Urgent Recommendations
This child needs immediate medical attention. The following should be done:
- Hepatitis A IgM antibody - to confirm Hepatitis A (most likely)
- Hepatitis E IgM antibody - to rule out Hep E
- EBV/CMV serology - if Hep A/E negative
- Prothrombin Time (PT/INR) - to assess liver synthetic function and rule out acute liver failure
- Serum Albumin - further assessment of liver function
- Repeat LFTs in 3-7 days - to monitor trend (improving vs worsening)
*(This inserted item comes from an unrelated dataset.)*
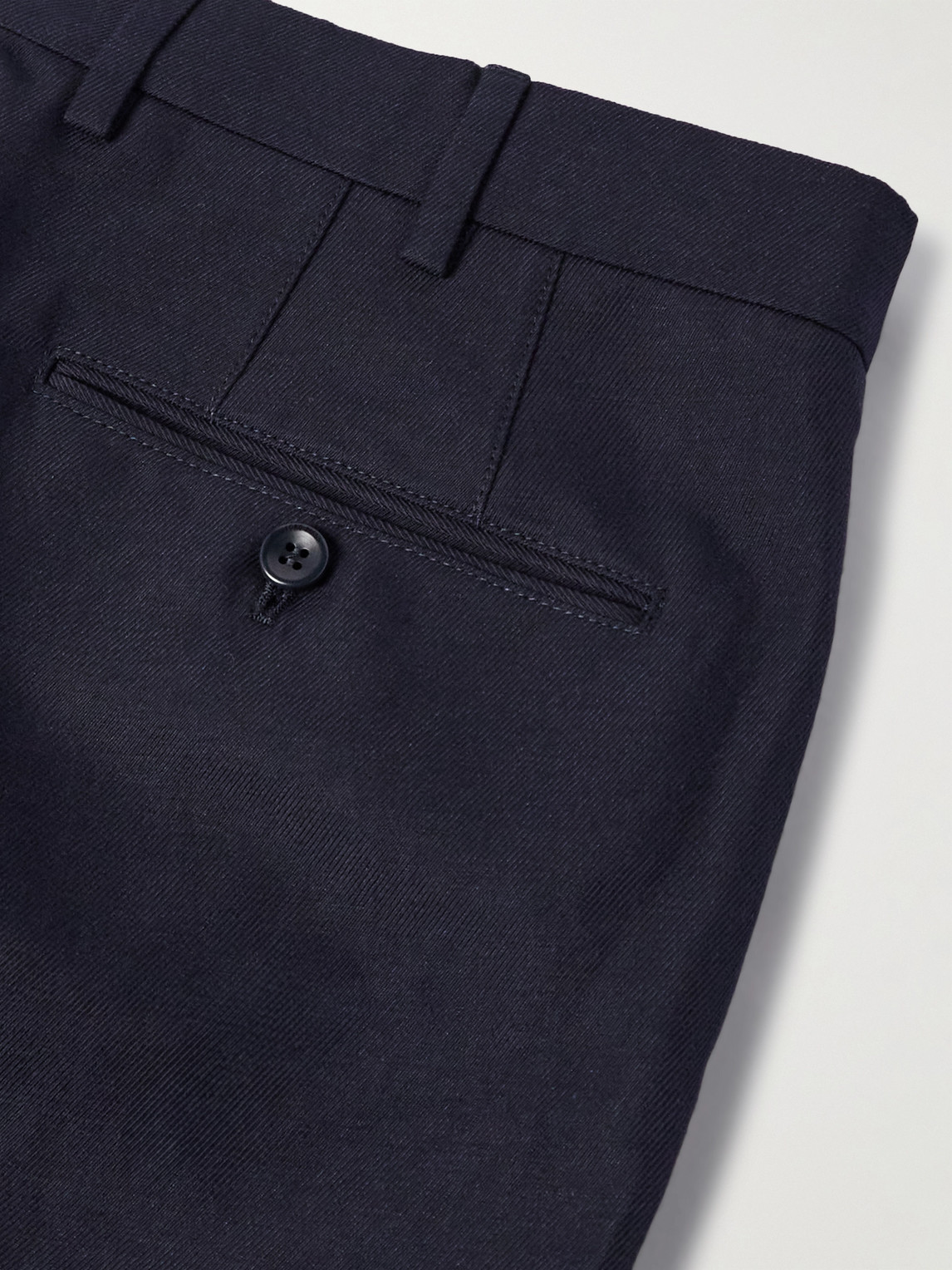 Shop Loro Piana Straight-leg Linen-twill Trousers In Blue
- Watch for signs of acute liver failure: worsening jaundice, confusion/drowsiness (encephalopathy), bleeding, dark urine - these require emergency hospitalisation
Management (under doctor's supervision):
- Adequate rest and hydration
- Avoid hepatotoxic drugs (paracetamol at usual doses is generally safe, but NSAIDs should be avoided)
- Avoid fatty foods
- No alcohol (not relevant at age 6, but household medicines/herbal remedies should be reviewed)
- Hepatitis A is self-limiting in most children and resolves in 4-8 weeks
Disclaimer: This interpretation is for informational purposes only and does not replace a physician's evaluation. The child should be seen by a paediatrician or gastroenterologist urgently given the degree of liver enzyme elevation.